Comme Madame O. confirme, il traduit : « Monsieur dit qu’il ne comprends pourquoi vous vous fâchez contre monsieur David, alors qu’il veut juste l’aider…”. Voilà, la seule fois ou monsieur H. se sera permis de contredire l’administration, ce sera pour me défendre… Poli et respectueux, trop respectueux, face à cette administration intraitable.
L’interprète continue :
« Monsieur dit qu’il ne comprend pas, que ça fait des semaines qu’il n’a aucune aide, et qu’il est obligé de réclamer pour avoir, ne serait-ce qu’un peu de savon pour se laver. Il dit qu’il n’est pas animal, mais un être humain… »
Réponse de madame O. :
« ça n’est pas à moi d’en juger, je ne fais qu’appliquer les décisions du Préfet ».
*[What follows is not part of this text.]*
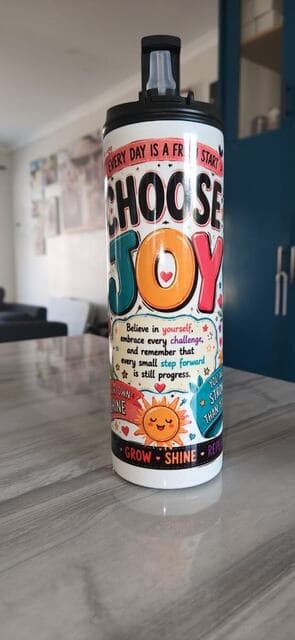 Choose Joy, Stainless steel bottle with straw lid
Silence dans le bureau… Monsieur H. attendait que l’interprète traduise, mais ce dernier s’est abstenu.
Il a dû considérer, comme moi, que Madame O. n’avait pas écouté la question. Je n’en veux pas à Madame O., même si elle le voulait, elle ne serait pas en mesure de gérer autrement ces entretiens. Elle ne peut pas entrer dans des considérations humanitaires, elle s’y perdrait. Ce n’est pas elle la fautive, mais l’administration.
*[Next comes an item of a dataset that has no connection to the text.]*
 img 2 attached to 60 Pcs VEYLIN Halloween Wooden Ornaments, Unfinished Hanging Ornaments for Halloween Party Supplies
Monsieur H. a fini par signer. Dès la sortie, nous avons cherché des recours possibles, en vain.
Le 25 juillet, à 4h du matin la police est venue le chercher dans son centre, et l’a conduit à l’aéroport.
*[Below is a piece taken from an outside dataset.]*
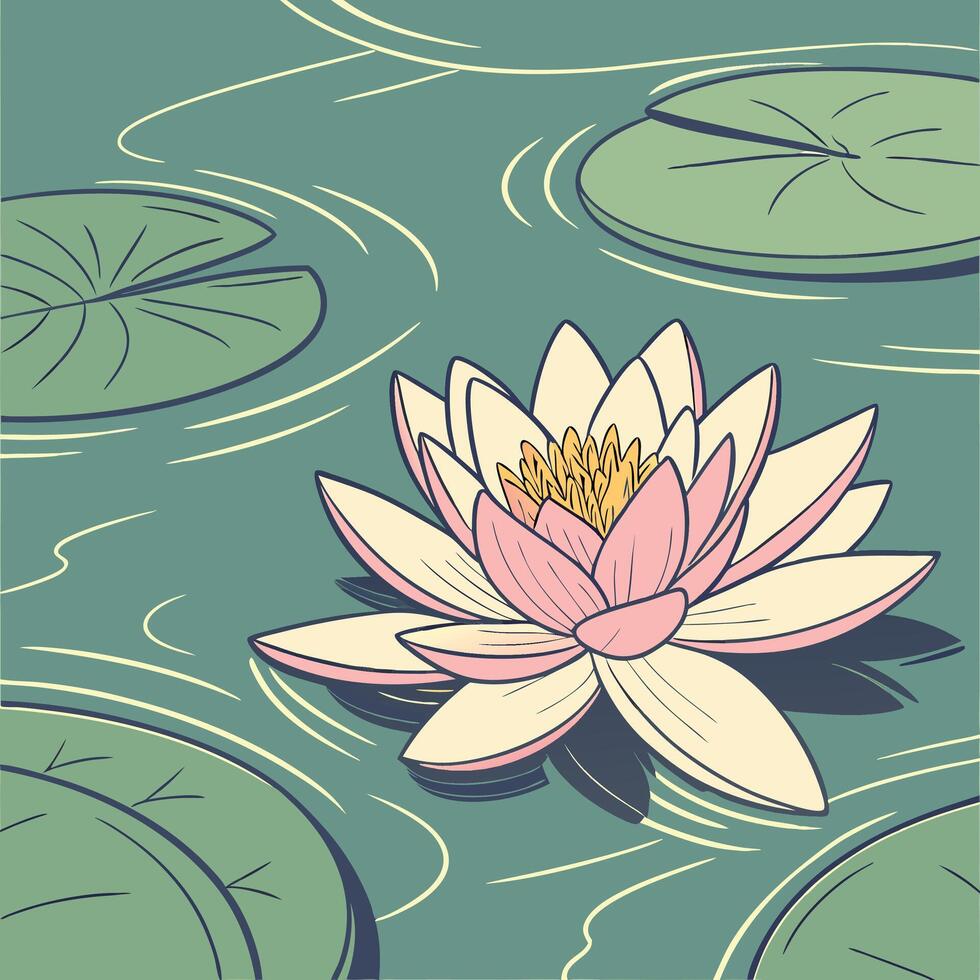 The illustration of nymphaea water lily flower vector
Il a embarqué par le vol de 6h15 au départ de Brest, escale à Paris, puis arrivée à Munich. Aux dernières nouvelles, il est dans un camp de réfugiés, en attente de ce que décidera l’administration allemande
Est-ce que l’Allemagne va accepter de réétudier sa demande d’asile ? Peu probable.
Est-ce que l’Allemagne va l’expulser vers l’Afghanistan ? Nous le saurons sous peu.
Le 23 juillet, un attentat des talibans a fait 23 morts à Kaboul.
Courage à vous tous qui aidez ces personnes et courage à elles. L administration est sans pitié et préfère payer des billets d avions pour expulser ces pauvres gens plutôt que les nourrir et les loger. Honte au pays des droits de l homme.
Merci pour mr H. David Thorondel . Donnez nous des nouvelles.
Merci pour ce témoignage.
Texte excellent.
merci.
monique Férec Collectes solidarité réfugiés
S il y a des avocats qui lisent ce témoignage de david nous avons urgemment besoin de connaitre comment contrer ce « procédé » (cesa) mis en place par certaines prefectures. Déposer une demande d asile est un droit et en notifiant des réadmissions de ce type sans aucune études du dossier les prefectures sont dans l illegalité non? Mais comment empêcher ces renvois ???
De nombreuses personnes envoyées en cao ou en pradha à partir du centre de la chapelle à paris risquent de se retrouver dans cette meme situation. Im y a urgence à trouver les parades.